|Our House circa 1880|
Having had the Estate Agent round finally on Monday I now know an awful lot more about my house and indeed my home than I knew before.
For example my house is a lot larger than I thought - by about 2,000 sq ft. That's twice the size of my flat in London and that was considered a large two bedroom apartment. In fact 2,000 sq ft is a modest sized house in most people's language and I didn't even realise!
We've sort of seeped into filling the place up. It wasn't deliberate, because when we first moved in we only lived in the middle bit; a walk-in kitchen, two downstairs rooms and a bedroom and a bathroom upstairs. Gradually over the years, as we reinstated the house from wreck to habitable living space, we opened more and more of it up and spread. We bought chairs and tables, beds and cupboards as we needed so we never actually noticed how much we accumulated but looking at it through the eyes of the Estate Agent it was brought home with a rather sickening thought - how the heck am I ever going to be able to downsize?
The enormity of just that thought almost paralysed me as I tripped down the stairs while showing the Estate Agent round. I hope he didn't see the fear in my eyes or noticed how I gabbled.
To relax myself I started to listen to what he had to say - he was frightfully upbeat and optimistic and when at the end we sat down and got to the nitty gritty I was pleasantly surprised. The estimated value was more than I feared though not as much as I had hoped.

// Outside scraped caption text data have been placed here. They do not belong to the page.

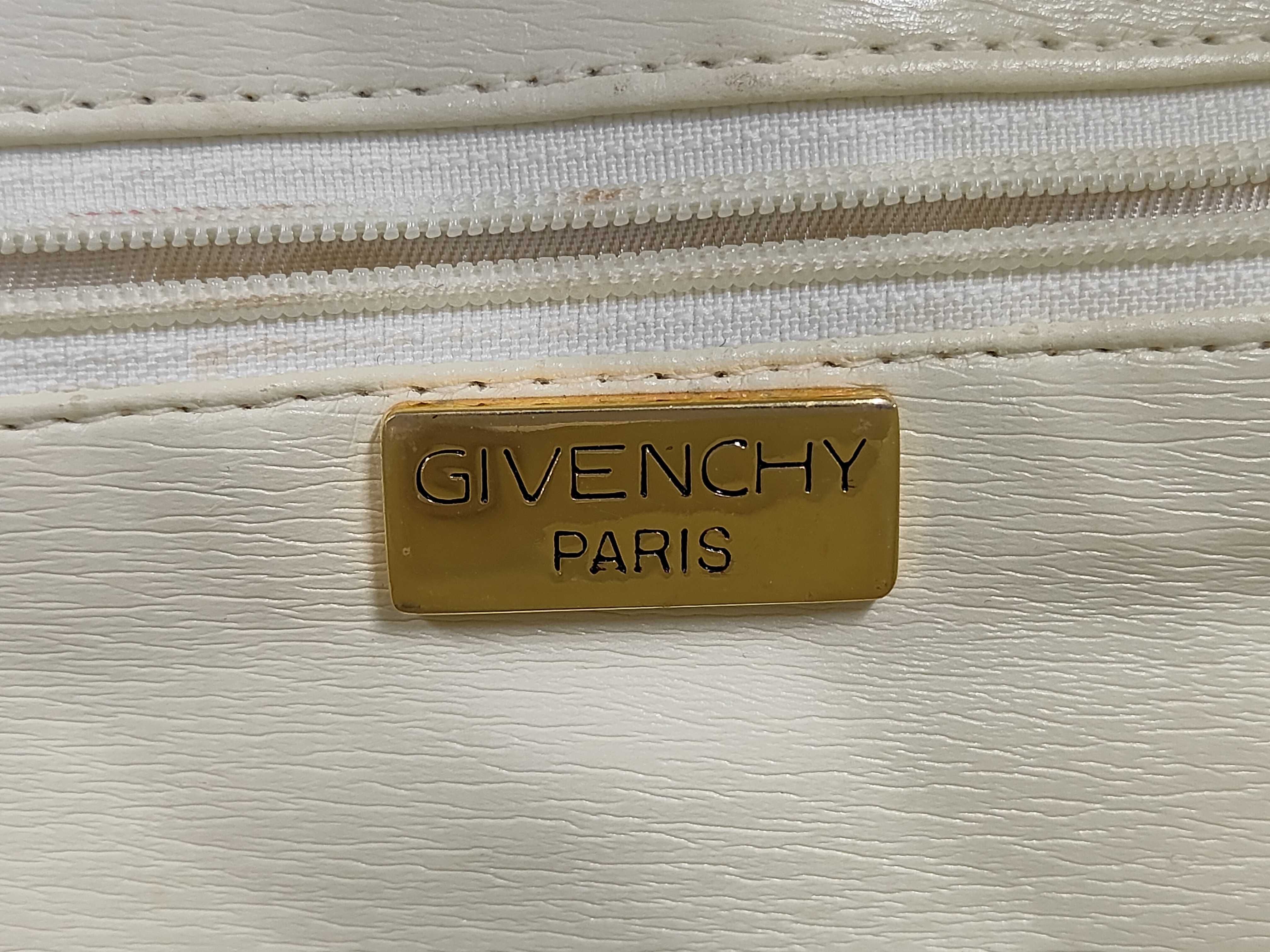 Shoulder Bag — view 9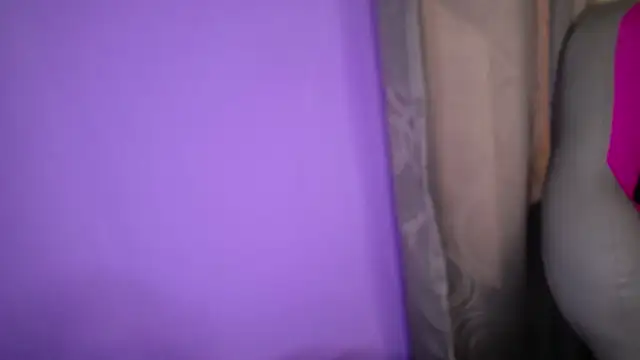 chabelita 165 online show from March 11, 2026, 7:42 pm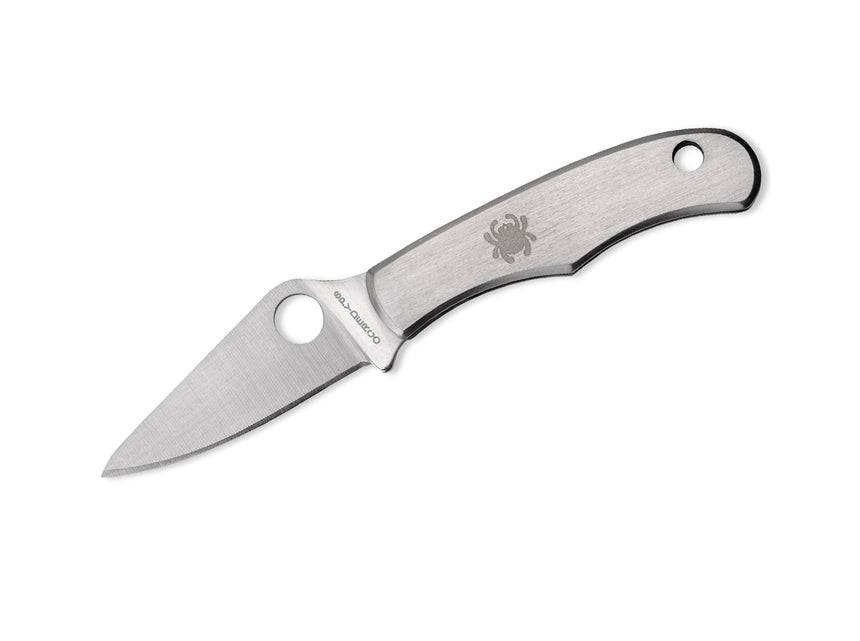 https://shopify-staged-uploads.storage.googleapis.com/tmp/64174981282/products/7ae7d4f8-2f61-4d64-a853-5e6338175eda/01sp609.jpg
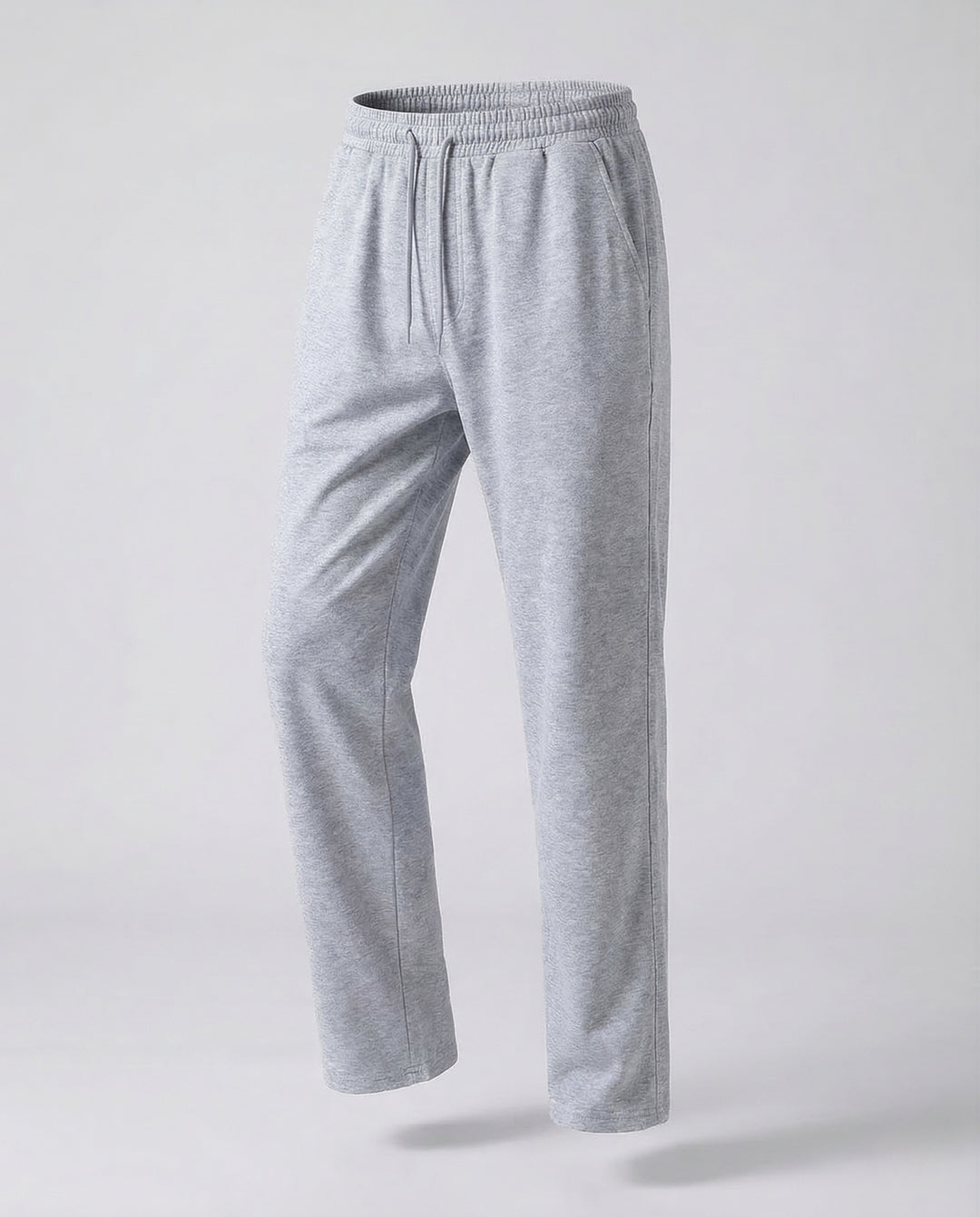 Product 15527790969162 - product_only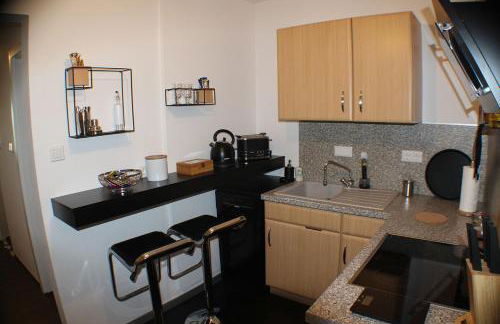 Moselapart - Foto 29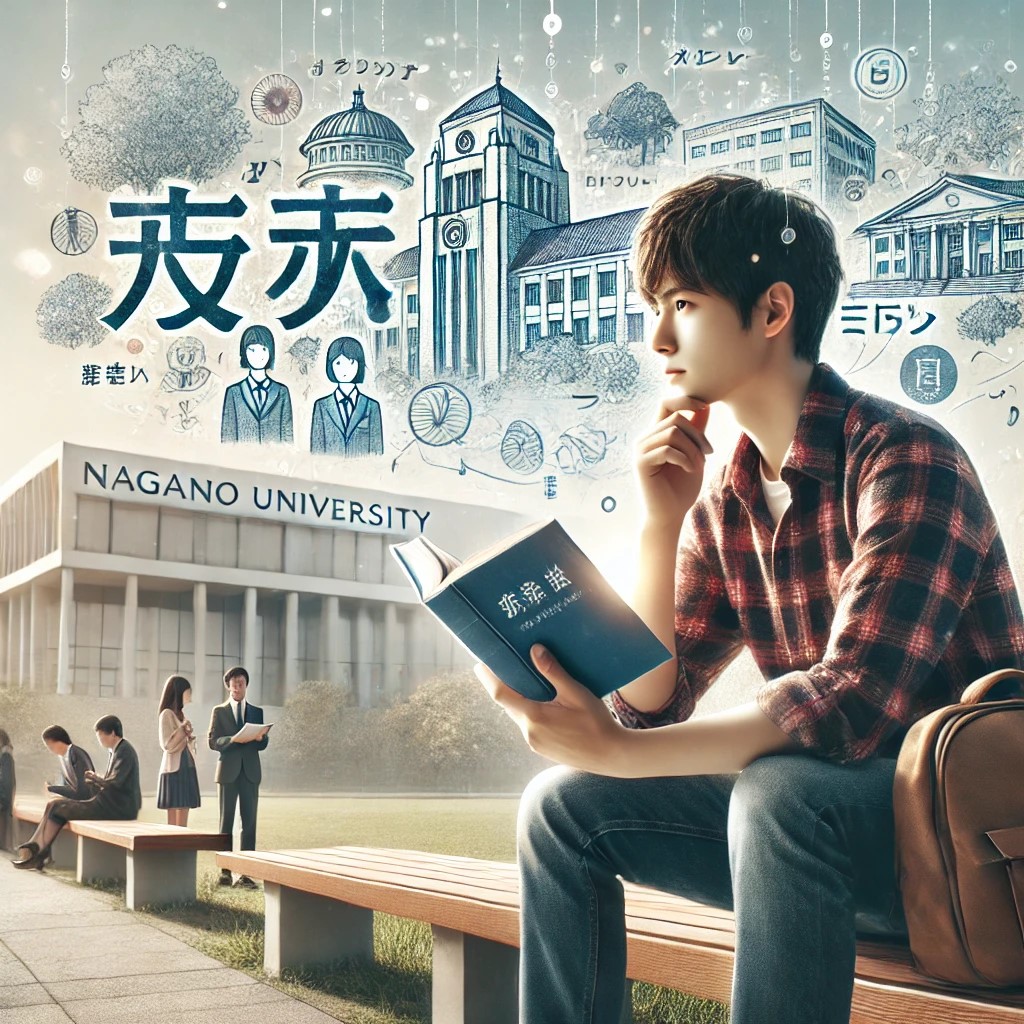 「恥ずかしい」という印象を変えるために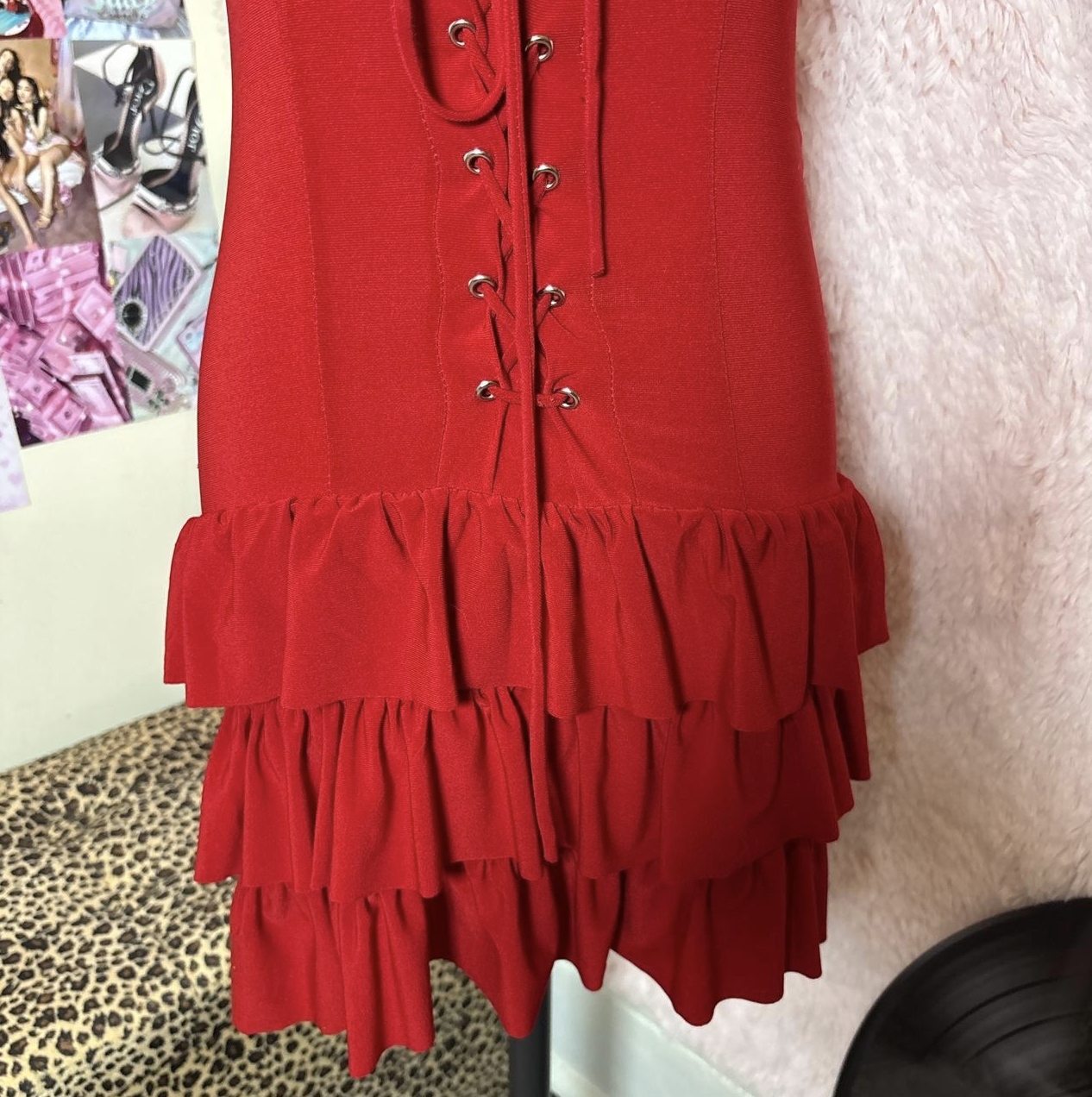 Screenshot 2026-03-03 at 4.23.59 PM.png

Selling the house will be a matter of semantics as the valuation is not quite enough to make the decision easy though not as bad as to make a move an impossibility.
But selling the home is a far more difficult problem.
|Our House 2003 when work had just started!|
And all the time I was telling the stories and making jokes and pointing out the carvings and the wall painting and other silly little things that we discovered int eh last decade as we brought this place back to life I saw how we had become part of the tapestry of the history of the house - a small part.
I'd like to think a crucial part.
|Our House 2009|
I saw the men and boys who all worked so hard to bring this place back from wreck to home like ghosts laughing and chatting in my minds eye. All those memories crowding, demanding attention. Begging me not to forget.
And I know that my head should rule my heart but this house is too much a part of who my family is for any decision to be easy.
We LIVE here.
I suspect we will become history here too.